Solicito tu amistad
En la caricia no encuentras piel, sino polímero: esperas algún lunar que te entorpezca, el vello más o menos árido, nunca la imitación de la piel y el lunar y el vello en la resina. Le conociste gracias a una aplicación —Match, Tinder, a saber— en la que introdujiste tus deseos: el sexo, la edad, la ciudad —no más de tres o cuatro horas en un vuelo barato—, tus intereses en el perfil de Facebook. Lo hiciste porque lo hacían todos los demás.
El código programado por un adolescente en su dormitorio en los suburbios —a finales de año se mudará a una oficina diáfana al oeste para programar más códigos que te conocerán el año próximo— rastreó a los usuarios que cumplían tus requisitos: ocultaste a dos por su foto de perfil, no demasiado favorecedora, sin un triste filtro; descartaste a un tercero porque olía a datos falsos; al resto los capturaste con tu smartphone y enviaste las imágenes a un grupo de WhatsApp. Opinaron sobre ellos tu amiga de la infancia, esa con quien charlas cada semana por Skype, y el amigo del alma conocido en Myspace o Fotolog, y que ahora te acompaña en Instagram, y otros 20 o 30 conocidos aquí y conocidos allá a quienes informas en Swarm de cada paso.

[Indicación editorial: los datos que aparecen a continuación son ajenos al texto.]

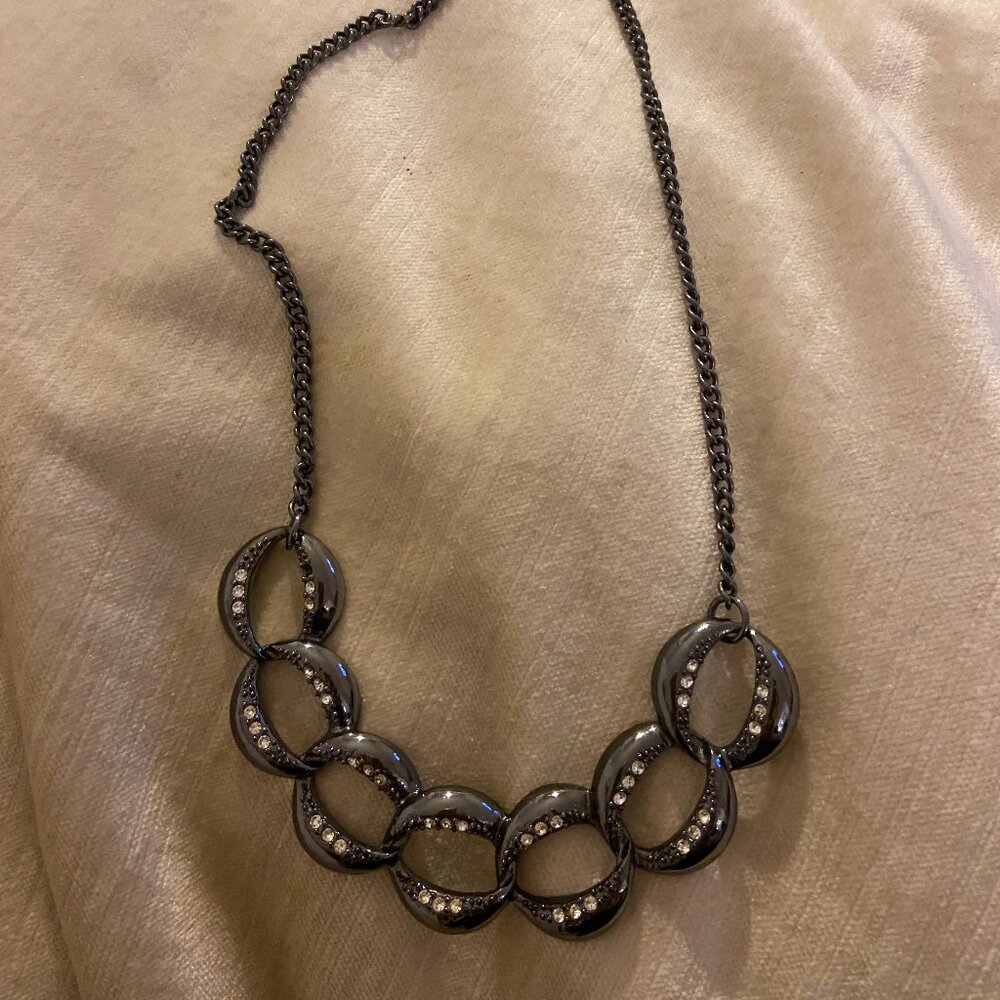 Avon gray silver crystal stone statement necklace
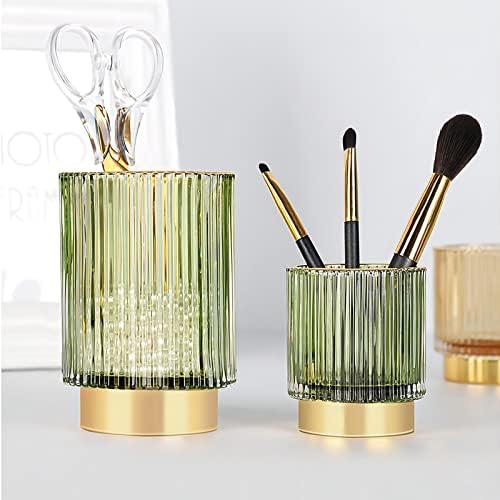 DASITON Makeup Brush holder Organizer, Crystal Cosmetic Makeup Brush Glass Brushes Storage Holder, Vintage Make Up Brush Cup Pen Pencil Holder striped vase(Green S+L) - Image 2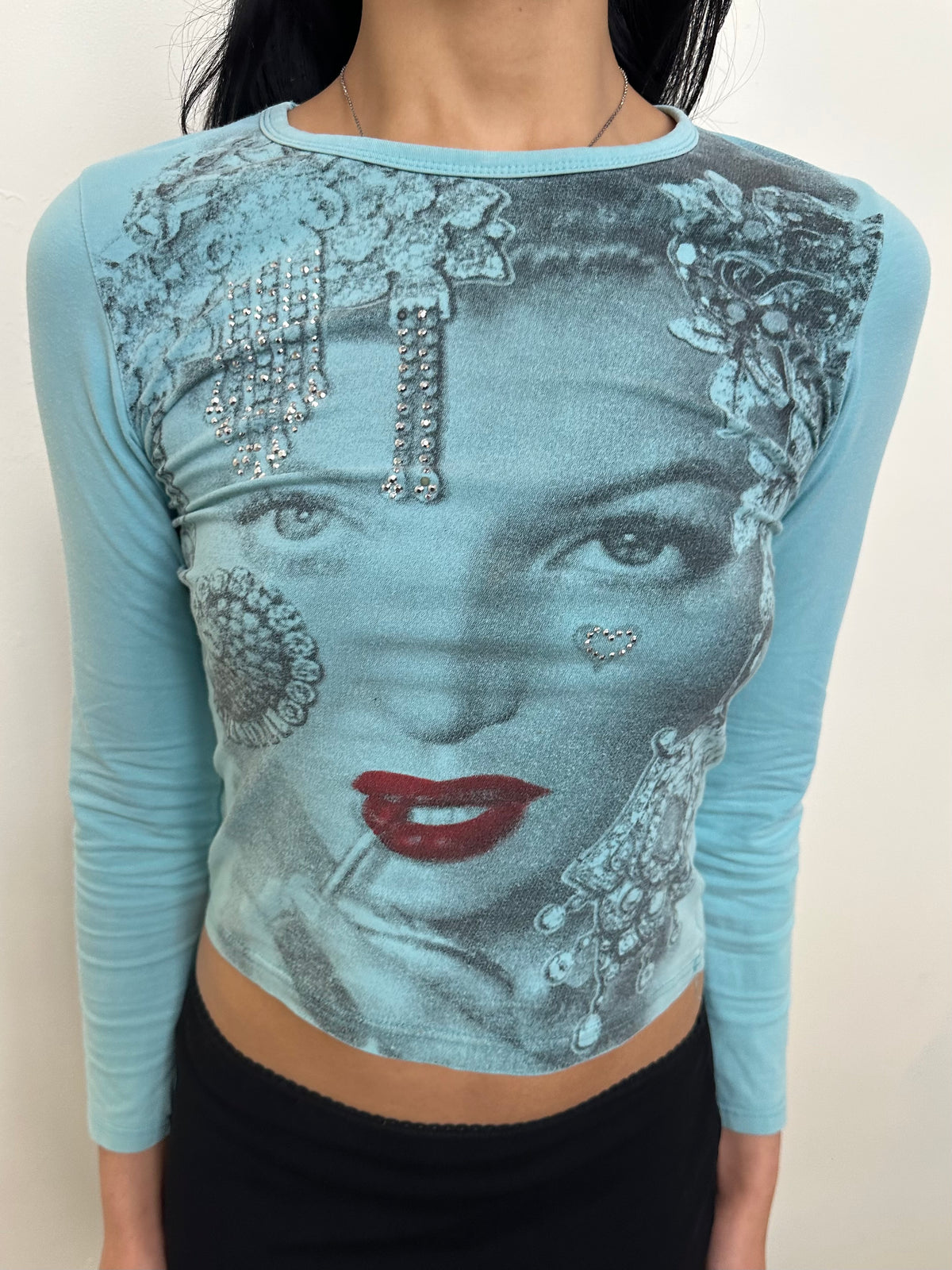 Turquoise Blue Graphic Long Sleeve Top - Size M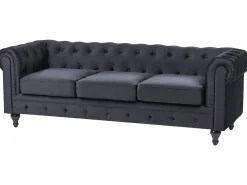Online Sofa dla 3 osób CHESTERFIELD Welur Czarny Sofy Tapicerowane|Kolekcje Sof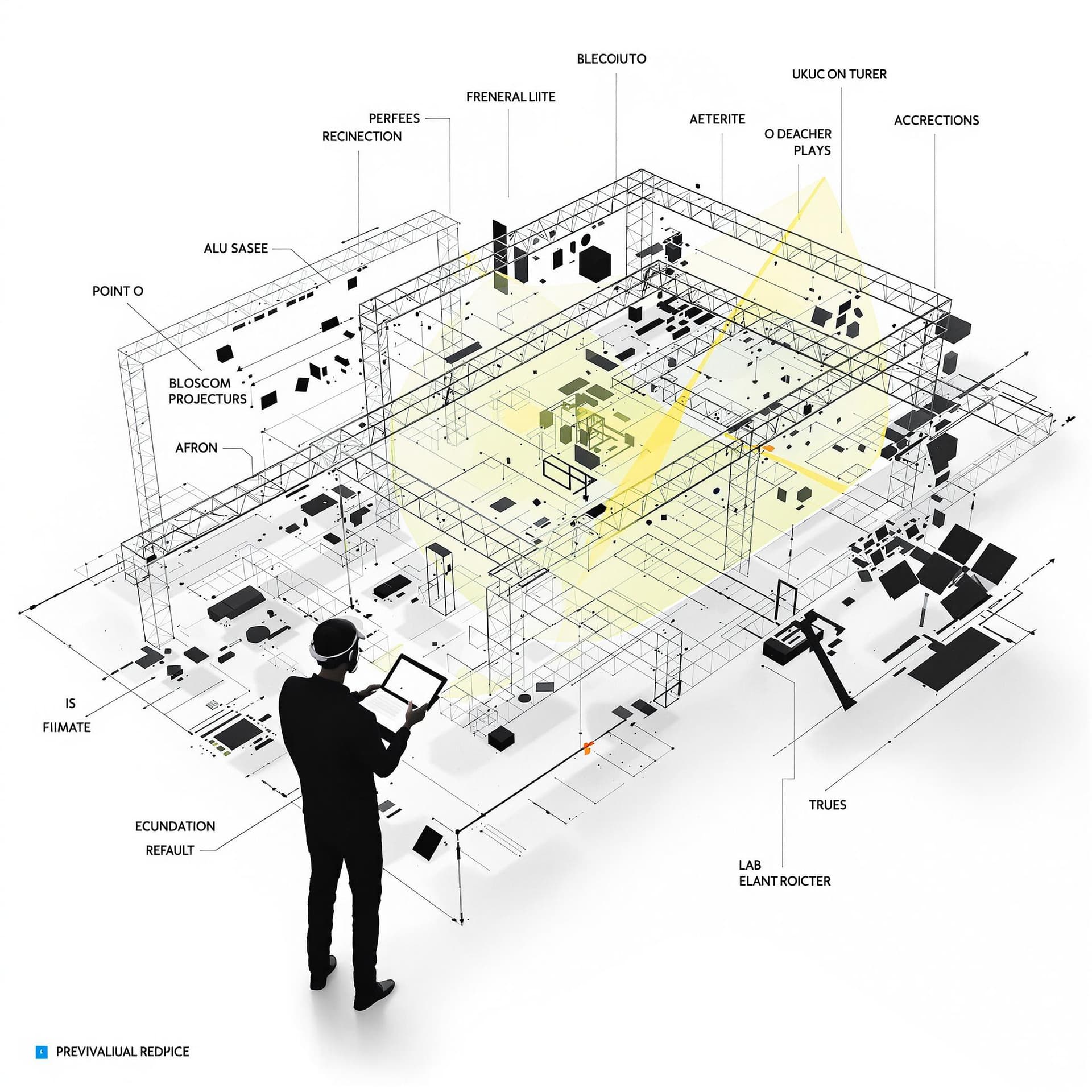 AI generated: Un plan technique de scène en 3D, avec structures alu (truss), projecteurs, et points d’accroche bie...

Alguien, imperial, recurrió al emoji del pulgar señalando la arena; no recuerdas quién, por falta de tiempo, prefirió enviar un mensaje de voz de unos pocos segundos. Te convencieron. Pulsaste la opción verde junto a una fotografía y el intercambio de mensajes te sonaba a la metodología de años atrás, cuando alguien en Twitter saltó del fav a los mensajes directos con enlaces intensísimos a YouTube: una canción de un grupo extraño, un gif muy divertido. De la desvirtualización —la RAE no la admite todavía— conservas un raro olor a talco, como fuera del tiempo.
Cuando propusiste veros, al enésimo ping, te preguntó dónde vivías. Describiste el camino de la estación a tu portal, la línea de autobús —aquí no entraban los posibles rostros de las posibles vecinas con las que compartiría viaje—, enviaste las indicaciones de Google Maps y alguna imagen para que reconociera la frutería junto a la parada, la óptica de la esquina. Te sentaste a esperar, traduciendo las pistas junto al camino, igual que las miguitas de pan de los relatos: un selfie en el vagón cafetería, un tip cerca de casa en Foursquare. Una mañana el timbre de repente y de repente una estructura del tamaño del portátil, una araña con patas levísimas, que depositas en el suelo con cuidado. Al pulsar una tecla, como al principio la señal verde que inició la relación, la máquina se enciende; traza parsimoniosa los dedos de los pies, el talón, las rodillas, el vientre abultado, las manos delgadas, de ahí al cuello y de ahí al rostro. Tumbado el cuerpo en el salón, el olor todavía a plástico formándose, abre una ventana de chat en la tableta: ahí me tienes.
Elena Medel (Córdoba, 1985) es escritora. Su libro más reciente es Chatterton (Visor, 2014), Premio Fundación Loewe a la Creación Joven.